Problem description>
Every line below must be reproduced exactly; no pictures are to be included.

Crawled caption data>
○ ○ ○ ○ ○ ○ ○
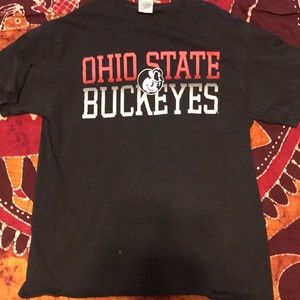 🌸5 for $20🌸 Ohio State t shirt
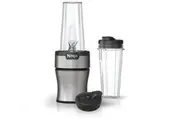 Ninja BN450 Nutri Blender Plus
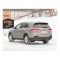 For 2016-2020 Kia Sorento Trailer Hitch Fits V6 Models Only Curt 13195 2 inch Tow Receiver For 2016-2020 Kia Sorento Trailer Hitch Fits V6 Models Only Curt 13195 2 inch Tow Receiver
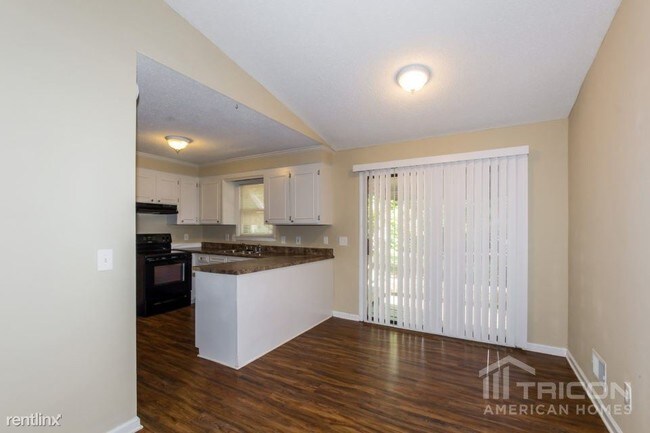 Building Photo - 119 Minehead Ct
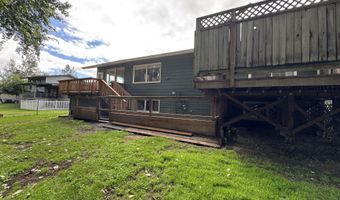 4711 Shelikof St, Anchorage, AK 99507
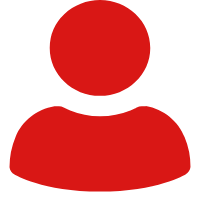 head_login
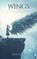 Wings of Determination, Kaiser Lucas - Gebonden - 9798901903544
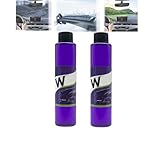 Leistungsstarkes Scheibenwaschmittel, Scheibenwaschmittel-Konzentrat,...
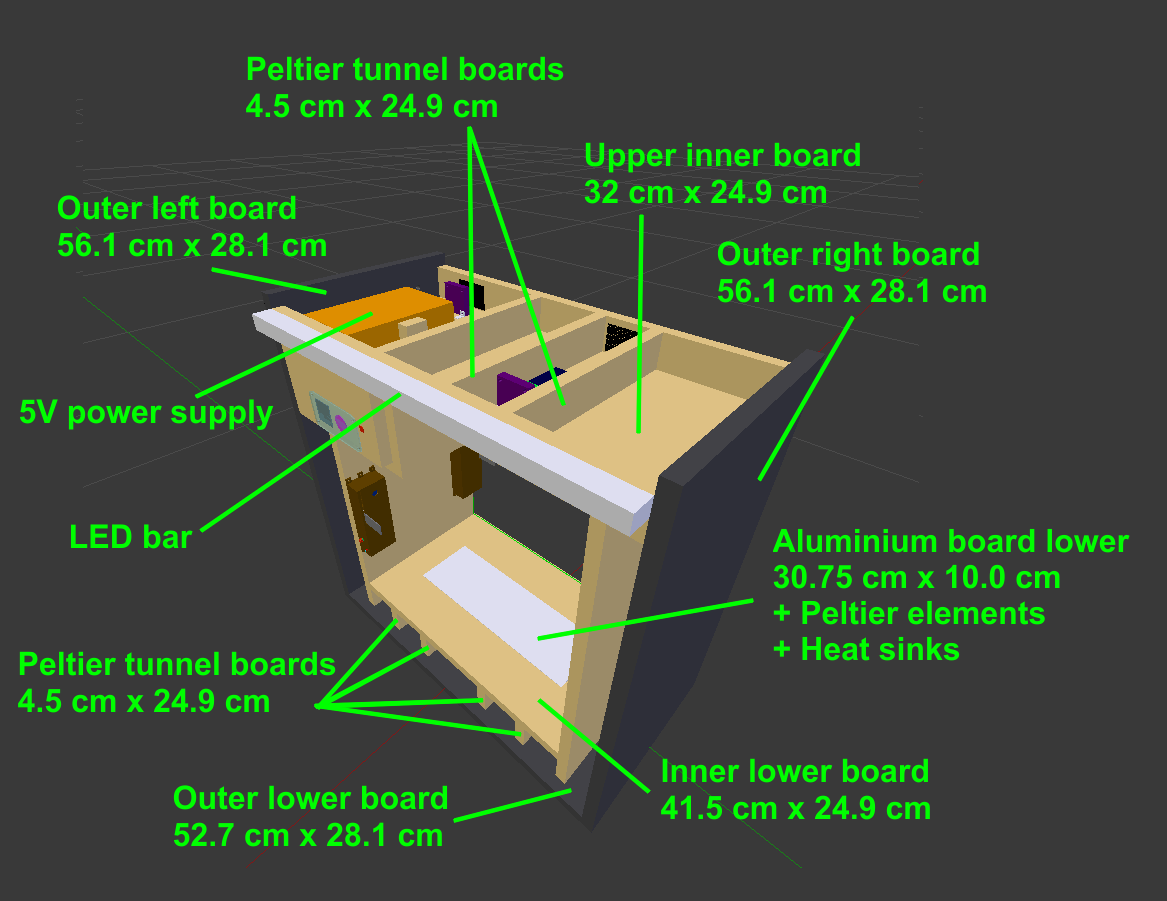 electronics-install-18.png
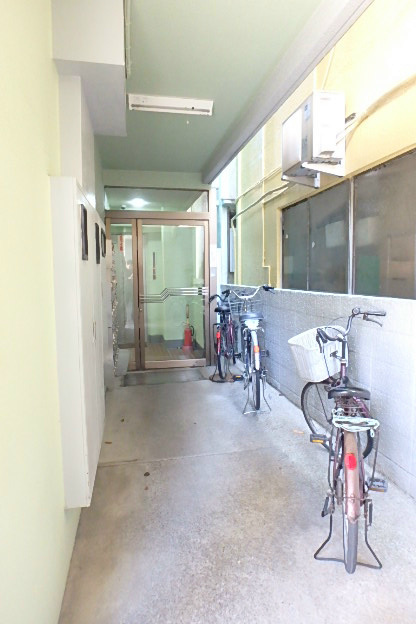 レッツビュー野口  その他6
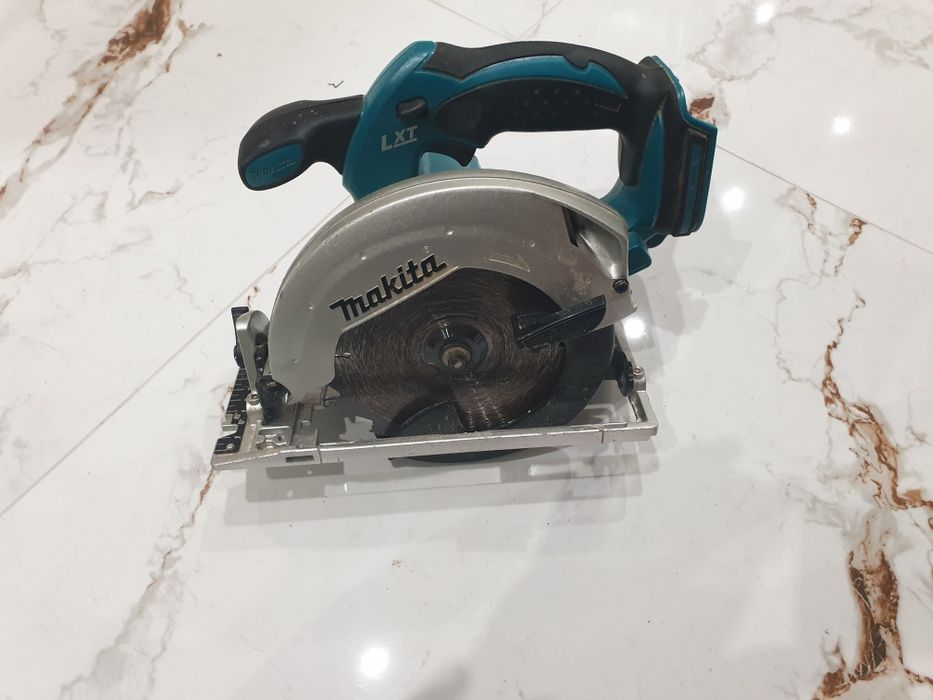 Макита инструменти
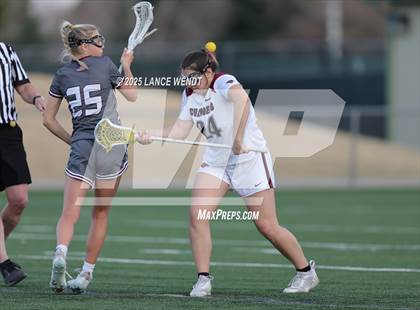 Thumbnail 3 in Golden @ Chatfield photogallery.
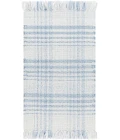 Livabliss Primrose Rug PRM2304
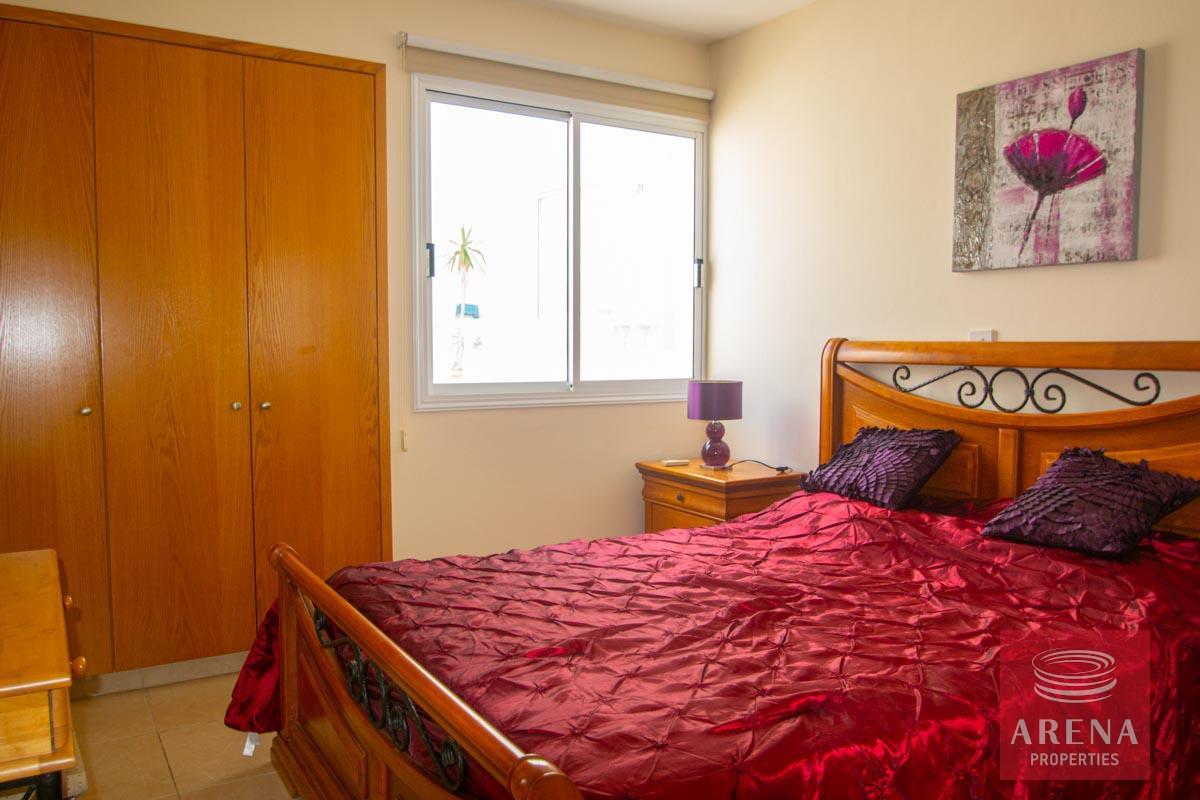 11-Ground-floor-apt-in-Kapparis-5656-2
○ ○ ○ ○ ○ ○ ○
Finished task>
 🌸5 for $20🌸 Ohio State t shirt
 Ninja BN450 Nutri Blender Plus
 For 2016-2020 Kia Sorento Trailer Hitch Fits V6 Models Only Curt 13195 2 inch Tow Receiver For 2016-2020 Kia Sorento Trailer Hitch Fits V6 Models Only Curt 13195 2 inch Tow Receiver
 Building Photo - 119 Minehead Ct
 4711 Shelikof St, Anchorage, AK 99507
 head_login
 Wings of Determination, Kaiser Lucas - Gebonden - 9798901903544
 Leistungsstarkes Scheibenwaschmittel, Scheibenwaschmittel-Konzentrat,...
 electronics-install-18.png
 レッツビュー野口  その他6
 Макита инструменти
 Thumbnail 3 in Golden @ Chatfield photogallery.
 Livabliss Primrose Rug PRM2304
 11-Ground-floor-apt-in-Kapparis-5656-2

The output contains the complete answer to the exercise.